Records supplied -
━━━━━━━━━━━━━━━━━━━━━━━━━━━━━━

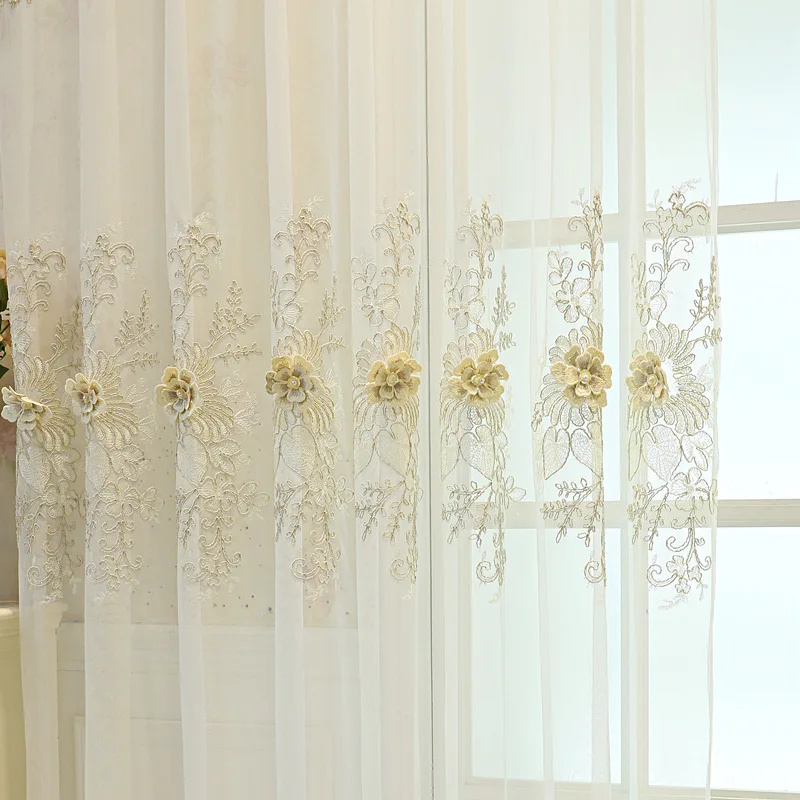 Sunny Textile Simple European-style Living Room Embroidered Gauze Curtain Finished Curtain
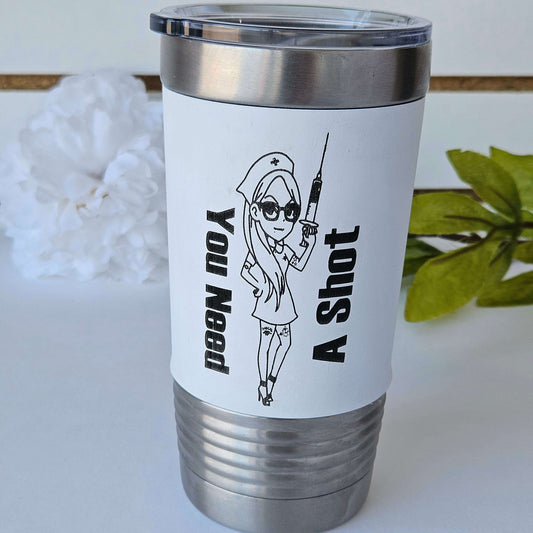 Silicone Tumbler White Nurse Shot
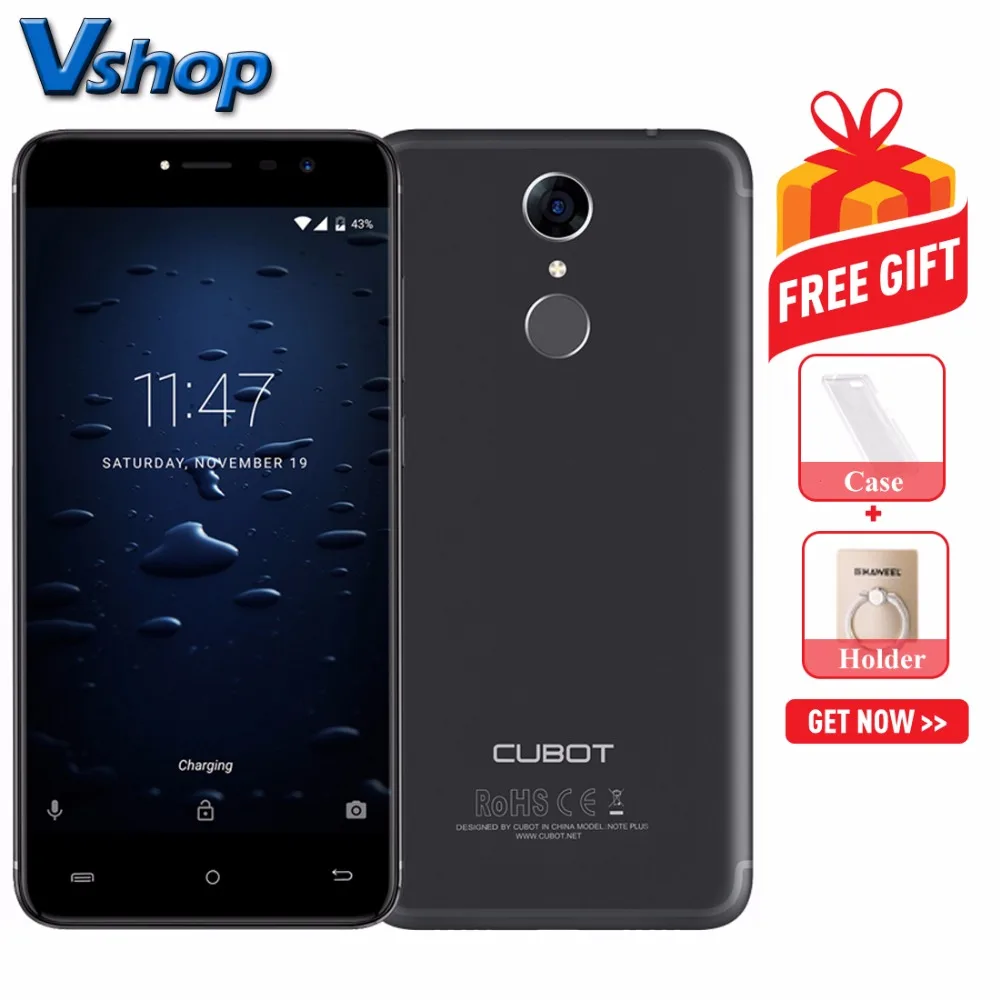 Оригинал CUBOT NOTE Plus 4G мобильные телефоны Android 7 0 3 ГБ + 32 четырехъядерный смартфон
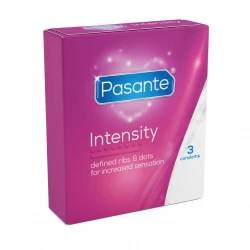 Pasante Intensity Condoms, Ribbed, Dotted, and Contoured Design, Natural Rubber Latex Condoms for Men, Enhanced Stimulation, Lubricated, 3 Count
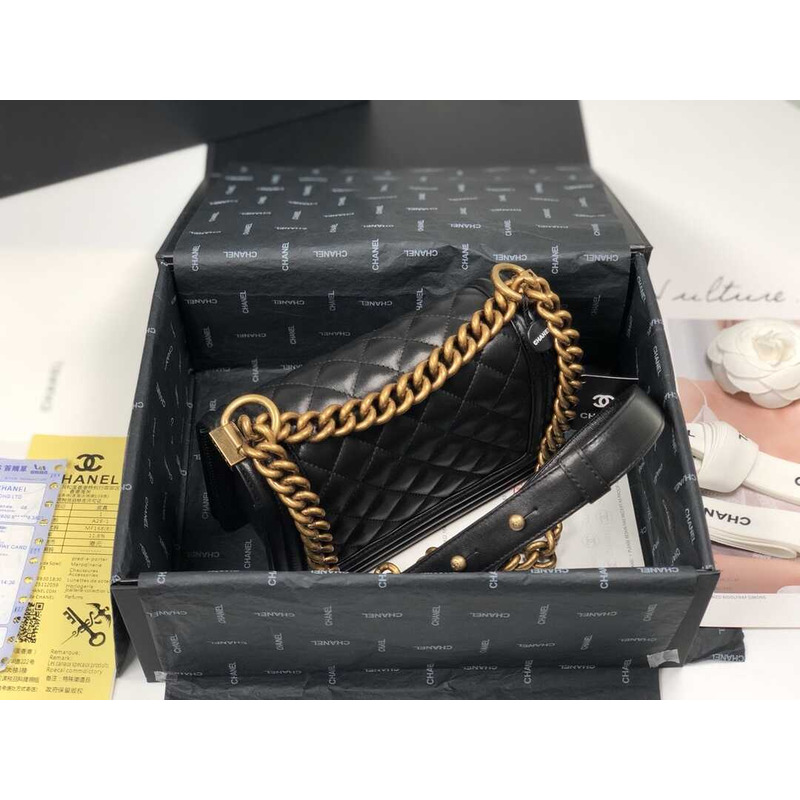 Ch*el le boy lambskin black bag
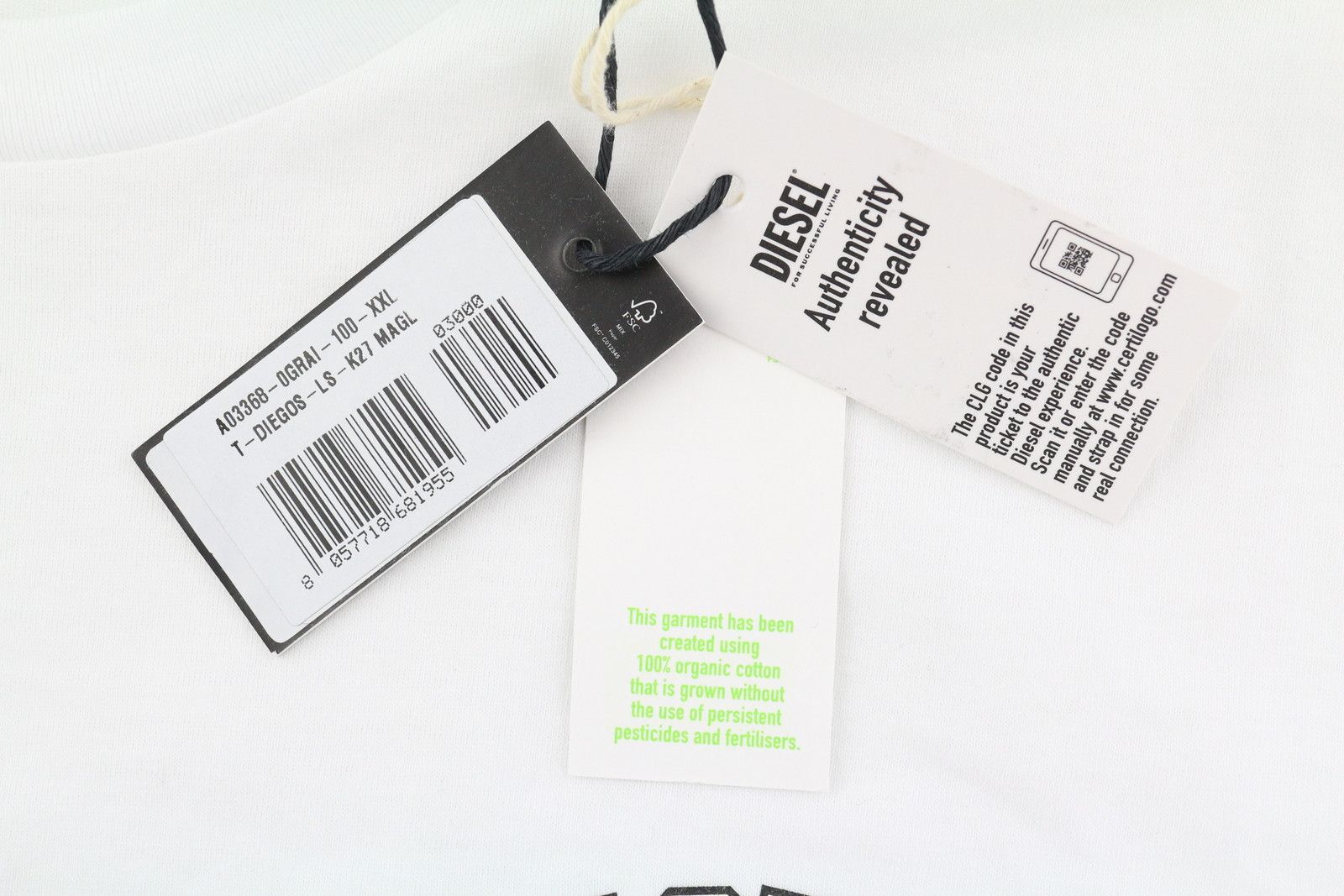 Diesel T-DIEGOS-LS-K27 2XL White Cotton Tricot T-Shirt 40991 Size US XXL / EU 58 / 5 - 9 Thumbnail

━━━━━━━━━━━━━━━━━━━━━━━━━━━━━━

Your goal -
Give the listing again, exactly as it appears, but without its images.

Task output -
 Sunny Textile Simple European-style Living Room Embroidered Gauze Curtain Finished Curtain
 Silicone Tumbler White Nurse Shot
 Оригинал CUBOT NOTE Plus 4G мобильные телефоны Android 7 0 3 ГБ + 32 четырехъядерный смартфон
 Pasante Intensity Condoms, Ribbed, Dotted, and Contoured Design, Natural Rubber Latex Condoms for Men, Enhanced Stimulation, Lubricated, 3 Count
 Ch*el le boy lambskin black bag
 Diesel T-DIEGOS-LS-K27 2XL White Cotton Tricot T-Shirt 40991 Size US XXL / EU 58 / 5 - 9 Thumbnail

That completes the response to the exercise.